Online Poems

for Craig White's Literature Courses




Claude McKay


McKay immigrated from Jamaica
to USA in 1912, d. Chicago 1948

Though Langston Hughes is more widely taught, Claude McKay is recognized as the first poet to draw attention to the Harlem Renaissance with publication of Harlem Shadows in 1923. McKay lived most of his life in the USA, but his Caribbean roots and his cosmopolitan lifestyle make him also a significant post-colonial writer.

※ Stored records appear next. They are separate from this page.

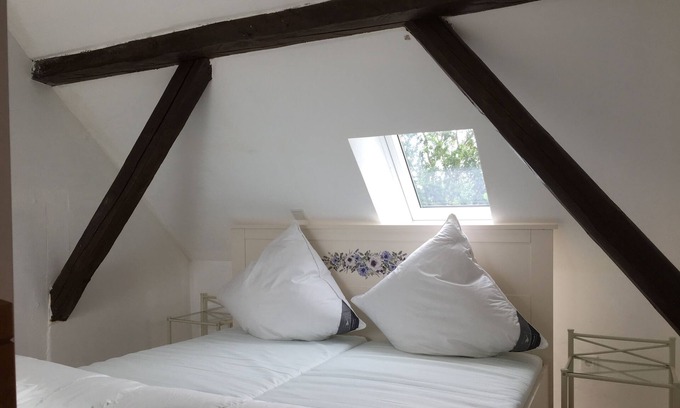 Dornum Apartment | Beautiful apartment for 3 persons between Bensersiel and Dornumersiel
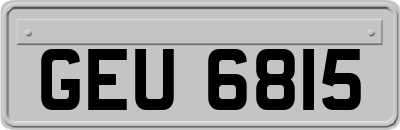 GEU6815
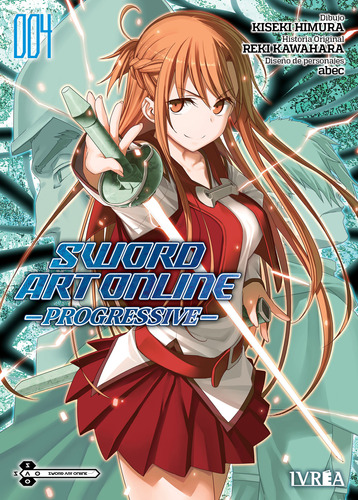 Sword Art Online - Progressive 04 - Reki Kawahara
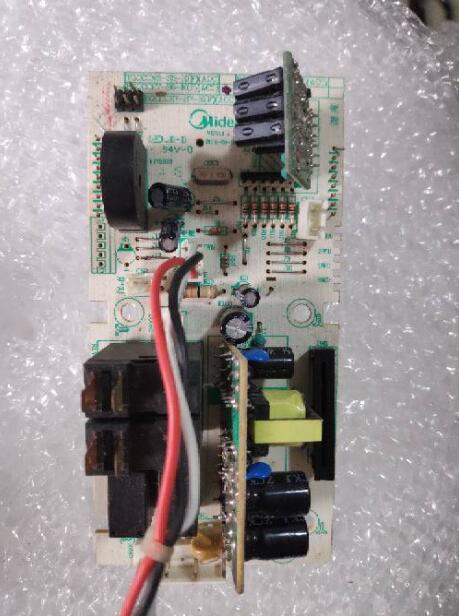 EV923MF7-NRH X3-233A EGCCCE7-S6-K(F)(ACC)美的微波炉电脑板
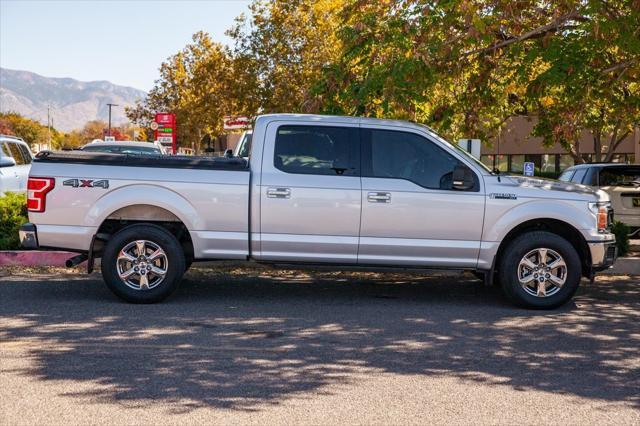 used 2018 Ford F-150 car, priced at $26,950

McKay was born in Jamaica (to parents of African Ashanti and Malagasy descent) and tutored by a white Jamaican who encouraged McKay to write poetry in Jamaican patois (creole language) and helped publish two books of his poetry. In 1912 he left for the United States where he lived in Alabama, Kansas City, and New York, writing and editing for several periodicals, some of them communist or radical. In the 1920s he lived, worked, wrote, and published in England and the new Soviet Union before returning to the USA, where he wrote novels (including the successful Home to Harlem, 1928) as well as poetry. Like many early-20th-century intellectuals, he grew disenchanted with Communism and converted to Roman Catholicism in 1944 before dying in Chicago aged 59.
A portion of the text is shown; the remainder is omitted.